▸ **DATASET EXTRACT**:

--*--

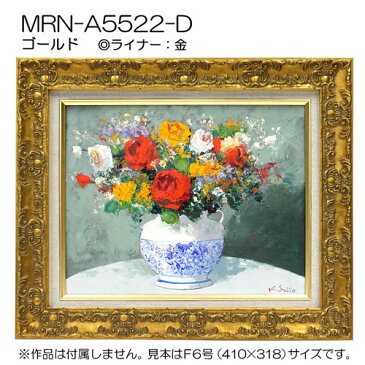 油彩額縁 MRN-A5522-D S20 号(727×727) ゴールド (UVカットアクリル仕様・木製・油絵用額縁・キャンバス用フレーム)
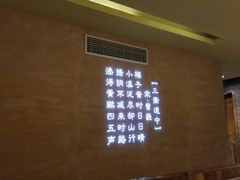 -陈先进鱼馆·地道农家菜(湖墅南路店)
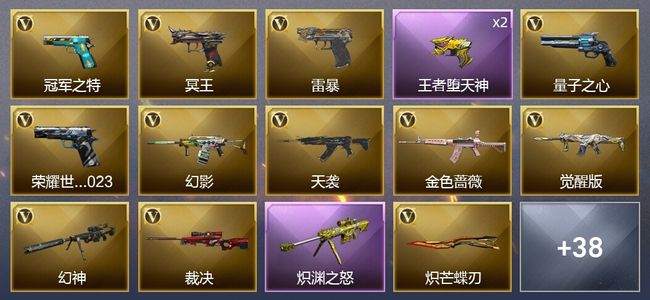 穿越火线（CF）8王者武器 1炫金武器 42V武器 4V角色 22皮肤 不可排位 枪王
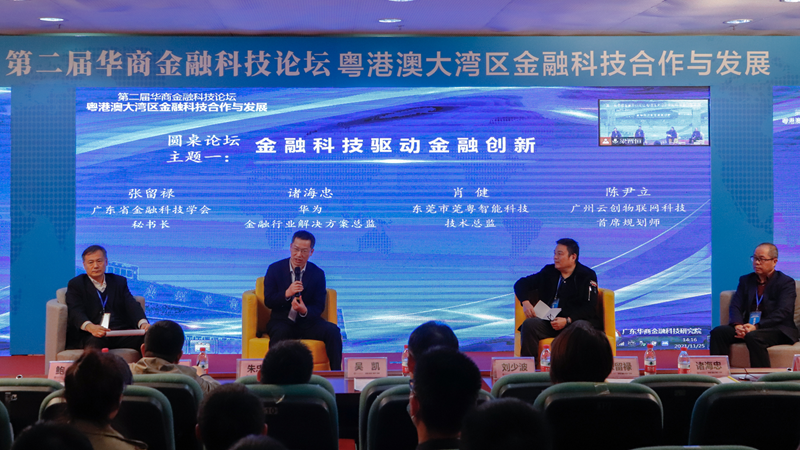 圆桌论坛一:金融科技驱动金融创新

--*--

▸ **EXERCISE DIRECTIONS**:
The response should restate the material above word for word and contain no pictures.

▸ **RESULT**:
 油彩額縁 MRN-A5522-D S20 号(727×727) ゴールド (UVカットアクリル仕様・木製・油絵用額縁・キャンバス用フレーム)
 -陈先进鱼馆·地道农家菜(湖墅南路店)
 穿越火线（CF）8王者武器 1炫金武器 42V武器 4V角色 22皮肤 不可排位 枪王
 圆桌论坛一:金融科技驱动金融创新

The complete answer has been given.